EXERCISE REQUIREMENTS :: No image is to be carried over; reproduce the rest of the listing word for word.

DATA EXTRACT: Begin

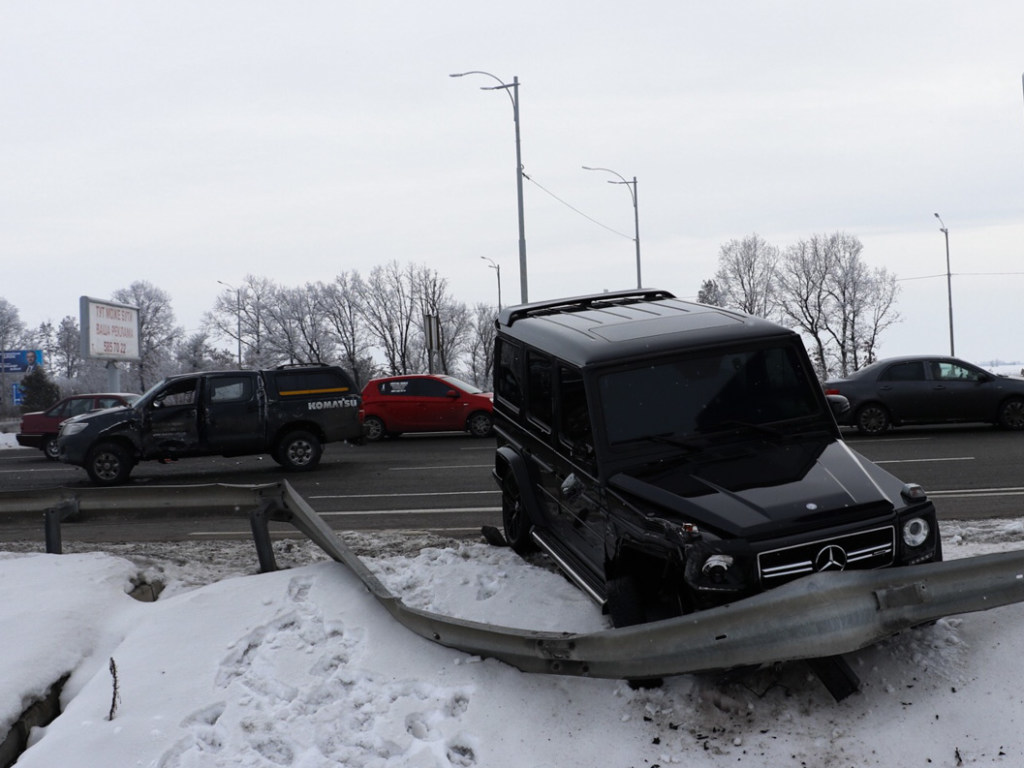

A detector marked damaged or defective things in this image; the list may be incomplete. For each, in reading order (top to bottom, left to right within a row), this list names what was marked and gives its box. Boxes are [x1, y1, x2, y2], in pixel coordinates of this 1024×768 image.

bent guardrail rail [2, 481, 1024, 684]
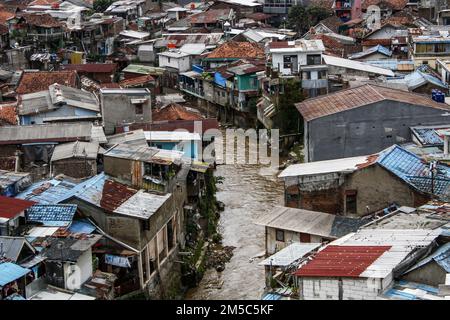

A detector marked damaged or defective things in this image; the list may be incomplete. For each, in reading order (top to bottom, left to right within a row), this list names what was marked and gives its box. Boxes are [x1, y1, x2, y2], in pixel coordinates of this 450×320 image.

rusty metal roof [296, 84, 450, 121]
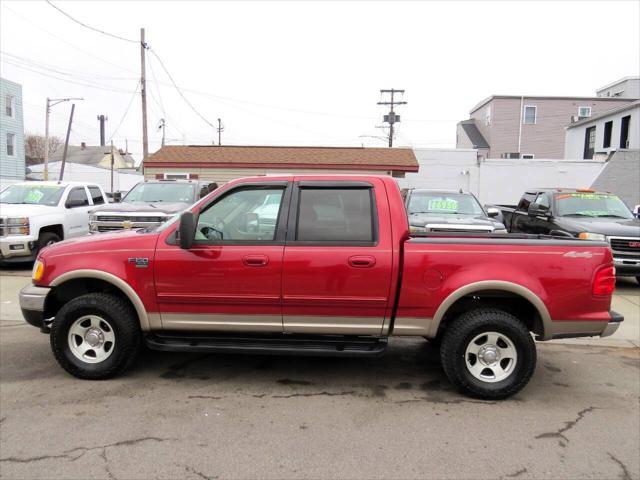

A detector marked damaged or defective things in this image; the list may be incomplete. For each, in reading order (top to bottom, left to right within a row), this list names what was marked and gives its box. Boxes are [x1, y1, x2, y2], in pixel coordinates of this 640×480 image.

DATA EXTRACT: End

RESULT ::
A detector marked damaged or defective things in this image; the list may be incomplete. For each, in reading order (top to bottom, left to right within a row), this list names what was marked and gives its box. Boxes are [x1, y1, x2, y2], in pixel coordinates of this 1024×768 image.

bent guardrail rail [2, 481, 1024, 684]

A detector marked damaged or defective things in this image; the list may be incomplete. For each, in reading order (top to bottom, left to right within a row), this list names what was marked and gives its box. Boxes are [x1, y1, x2, y2], in pixel coordinates of this 450×320 image.

rusty metal roof [296, 84, 450, 121]

A detector marked damaged or defective things in this image; the list may be incomplete. For each, in reading order (top to bottom, left to right within a row), this list names what was marked and gives its box. Boxes are [x1, y1, x2, y2], in pixel coordinates of this 640×480 image.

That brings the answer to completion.